Ces gens racontèrent le fait par gestes et cris au pre­mier bateau qui les joignit, puis à un autre. A la fin, il y eut une petite flotte de huit ou dix embarcations rassem­blées là, d’où s’élevait dans le calme nocturne un tumulte semblable aux bruits confus d’une place de marché. Il n’y eut que peu ou pas de disposition à suivre la troupe, les gens n’ayant ni les armes ni l’expérience pour une chasse aussi dangereuse, et là-dessus — avec sans doute un cer­tain soulagement — les bateaux regagnèrent le port.
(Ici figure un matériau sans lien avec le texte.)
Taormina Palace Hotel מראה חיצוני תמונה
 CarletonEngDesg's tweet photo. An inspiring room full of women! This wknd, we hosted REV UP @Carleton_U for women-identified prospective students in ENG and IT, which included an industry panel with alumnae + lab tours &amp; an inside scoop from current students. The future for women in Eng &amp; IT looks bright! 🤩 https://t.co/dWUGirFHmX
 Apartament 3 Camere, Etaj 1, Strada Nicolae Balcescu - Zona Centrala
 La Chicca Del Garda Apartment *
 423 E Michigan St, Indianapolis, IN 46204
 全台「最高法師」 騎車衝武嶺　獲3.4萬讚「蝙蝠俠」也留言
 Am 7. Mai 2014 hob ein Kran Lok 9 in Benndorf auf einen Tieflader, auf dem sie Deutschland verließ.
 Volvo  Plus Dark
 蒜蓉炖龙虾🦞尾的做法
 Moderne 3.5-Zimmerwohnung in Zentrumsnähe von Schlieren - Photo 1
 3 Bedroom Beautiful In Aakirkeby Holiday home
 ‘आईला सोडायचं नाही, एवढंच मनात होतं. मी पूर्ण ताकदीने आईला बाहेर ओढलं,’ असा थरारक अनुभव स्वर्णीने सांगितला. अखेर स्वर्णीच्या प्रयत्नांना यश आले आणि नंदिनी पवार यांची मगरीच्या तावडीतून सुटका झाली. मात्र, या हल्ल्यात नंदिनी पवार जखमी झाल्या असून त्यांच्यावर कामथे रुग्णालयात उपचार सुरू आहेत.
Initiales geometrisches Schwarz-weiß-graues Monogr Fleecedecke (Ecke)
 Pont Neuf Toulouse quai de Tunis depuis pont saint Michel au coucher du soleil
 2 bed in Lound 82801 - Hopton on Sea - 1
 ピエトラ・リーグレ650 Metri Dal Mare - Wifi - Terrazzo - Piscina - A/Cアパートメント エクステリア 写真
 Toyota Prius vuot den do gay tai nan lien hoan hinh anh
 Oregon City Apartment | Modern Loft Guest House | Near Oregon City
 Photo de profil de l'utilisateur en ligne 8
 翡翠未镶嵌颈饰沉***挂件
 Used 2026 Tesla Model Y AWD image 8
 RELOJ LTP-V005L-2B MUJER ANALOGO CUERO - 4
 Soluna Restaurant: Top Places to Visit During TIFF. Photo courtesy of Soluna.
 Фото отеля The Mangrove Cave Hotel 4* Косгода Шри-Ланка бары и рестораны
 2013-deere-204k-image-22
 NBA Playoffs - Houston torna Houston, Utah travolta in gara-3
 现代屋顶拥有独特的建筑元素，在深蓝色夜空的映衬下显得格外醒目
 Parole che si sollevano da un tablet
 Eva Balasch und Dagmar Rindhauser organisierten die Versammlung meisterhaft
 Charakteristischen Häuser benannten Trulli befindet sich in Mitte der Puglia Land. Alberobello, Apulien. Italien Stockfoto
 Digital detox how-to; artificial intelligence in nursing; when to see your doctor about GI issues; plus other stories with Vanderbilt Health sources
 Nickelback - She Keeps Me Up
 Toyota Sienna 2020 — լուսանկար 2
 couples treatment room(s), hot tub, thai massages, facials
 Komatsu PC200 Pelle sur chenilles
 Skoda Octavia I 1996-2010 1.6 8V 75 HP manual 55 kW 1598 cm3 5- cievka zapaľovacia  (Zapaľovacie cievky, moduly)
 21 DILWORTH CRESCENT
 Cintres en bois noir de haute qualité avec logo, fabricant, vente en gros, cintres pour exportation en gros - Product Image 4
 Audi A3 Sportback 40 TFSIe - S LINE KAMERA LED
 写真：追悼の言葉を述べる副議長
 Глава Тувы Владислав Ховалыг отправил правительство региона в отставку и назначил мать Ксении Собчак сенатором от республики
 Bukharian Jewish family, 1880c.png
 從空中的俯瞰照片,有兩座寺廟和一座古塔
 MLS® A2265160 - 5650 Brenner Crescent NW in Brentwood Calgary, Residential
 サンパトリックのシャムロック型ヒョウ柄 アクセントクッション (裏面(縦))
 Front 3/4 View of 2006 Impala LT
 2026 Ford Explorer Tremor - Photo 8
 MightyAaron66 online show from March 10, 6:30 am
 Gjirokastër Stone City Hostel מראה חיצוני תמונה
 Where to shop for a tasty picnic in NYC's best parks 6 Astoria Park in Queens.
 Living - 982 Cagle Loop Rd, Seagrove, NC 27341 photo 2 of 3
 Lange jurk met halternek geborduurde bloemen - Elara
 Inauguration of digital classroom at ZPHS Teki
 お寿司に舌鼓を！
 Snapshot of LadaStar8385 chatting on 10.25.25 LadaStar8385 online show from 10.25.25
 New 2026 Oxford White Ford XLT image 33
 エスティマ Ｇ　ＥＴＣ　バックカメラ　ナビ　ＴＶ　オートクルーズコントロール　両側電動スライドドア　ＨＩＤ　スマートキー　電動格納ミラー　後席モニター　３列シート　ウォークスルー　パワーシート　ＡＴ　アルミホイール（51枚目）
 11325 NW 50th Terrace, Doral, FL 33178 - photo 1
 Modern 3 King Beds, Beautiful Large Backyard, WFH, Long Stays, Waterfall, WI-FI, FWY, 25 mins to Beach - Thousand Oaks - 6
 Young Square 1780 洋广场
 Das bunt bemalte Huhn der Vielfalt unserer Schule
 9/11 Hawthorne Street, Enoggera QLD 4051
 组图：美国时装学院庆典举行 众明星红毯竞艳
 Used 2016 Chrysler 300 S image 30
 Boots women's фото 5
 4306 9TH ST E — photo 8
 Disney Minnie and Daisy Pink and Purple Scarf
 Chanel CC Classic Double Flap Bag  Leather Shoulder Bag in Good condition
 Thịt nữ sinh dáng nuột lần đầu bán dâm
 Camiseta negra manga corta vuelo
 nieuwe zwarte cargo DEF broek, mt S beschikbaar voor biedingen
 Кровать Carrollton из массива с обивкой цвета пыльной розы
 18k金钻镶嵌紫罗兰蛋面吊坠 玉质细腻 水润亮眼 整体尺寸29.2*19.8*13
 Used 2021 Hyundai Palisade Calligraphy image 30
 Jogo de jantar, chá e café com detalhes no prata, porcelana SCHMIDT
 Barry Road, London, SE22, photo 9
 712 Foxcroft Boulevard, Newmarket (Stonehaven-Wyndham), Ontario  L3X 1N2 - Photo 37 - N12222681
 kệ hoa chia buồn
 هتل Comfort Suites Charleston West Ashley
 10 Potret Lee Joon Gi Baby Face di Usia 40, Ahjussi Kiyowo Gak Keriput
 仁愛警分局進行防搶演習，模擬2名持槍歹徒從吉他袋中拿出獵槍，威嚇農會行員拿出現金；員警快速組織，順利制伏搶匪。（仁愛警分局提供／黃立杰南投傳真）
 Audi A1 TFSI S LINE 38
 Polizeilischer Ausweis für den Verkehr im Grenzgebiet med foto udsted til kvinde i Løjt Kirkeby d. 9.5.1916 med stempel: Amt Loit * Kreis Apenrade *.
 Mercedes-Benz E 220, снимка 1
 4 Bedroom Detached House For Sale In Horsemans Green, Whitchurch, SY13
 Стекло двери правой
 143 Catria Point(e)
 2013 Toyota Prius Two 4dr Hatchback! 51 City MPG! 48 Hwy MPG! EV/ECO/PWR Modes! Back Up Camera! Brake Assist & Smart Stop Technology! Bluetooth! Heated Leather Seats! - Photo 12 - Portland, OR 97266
Il faut dire maintenant ce qui est peut-être le plus étonnant de cette étonnante incursion. Il ne reste la moindre indication des mouvements subséquents de la troupe de monstres, bien que toute la côte du Sud-Ouest ait été sur le qui-vive. Mais il peut être significatif qu’un cachalot vint s’échouer à Sark le 3 juin. Dix huit jours après les événements de Sidmouth, un Haploteuthis vi­vant fut jeté à la côte sur les sables de Calais. Il était vi­vant, car plusieurs témoins virent ses tentacules s’agiter d’une façon convulsive ; mais il est probable qu’il achevait de mourir. M. Pouchet prit un fusil et le tua.

IV

Ce fut la dernière fois que l’on vit un Haploteuthis vi­vant. On n’en vit aucun autre sur les côtes de France. Le 15 juin, le cadavre presque entier d’un de ces monstres fut rejeté par la mer près de Torquay, et, quelques jours plus tard, une embarcation appartenant à la station de Biologie marine, qui draguait en vue de Plymouth, rencontra un fragment en putréfaction, profondément entaillé par la blessure d’un coutelas. Enfin, le dernier jour de juin, un artiste, M. Egbert Caine, qui se baignait près du Newlyn, éleva tout à coup les bras, poussa un cri et disparut.

Un ami qui se baignait avec lui ne fit aucun effort pour lui porter secours et regagna rapidement le rivage. C’est le dernier fait qui puisse se rattacher à cette extraordinaire incursion de monstres sous-marins. On croit, — et il faut certes l’espérer — qu’ils sont retournés, et pour toujours, aux ténébreuses profondeurs des mers. d’où ils étaient venus si étrangement et si mystérieusement.


J’apprends, aujourd’hui, l’existence d’une nouvelle, publiée dans Yachting Gazette du 16 décembre 1899 1899 , portant le titre de Les brigands de mer et relatant à peu près les même événements.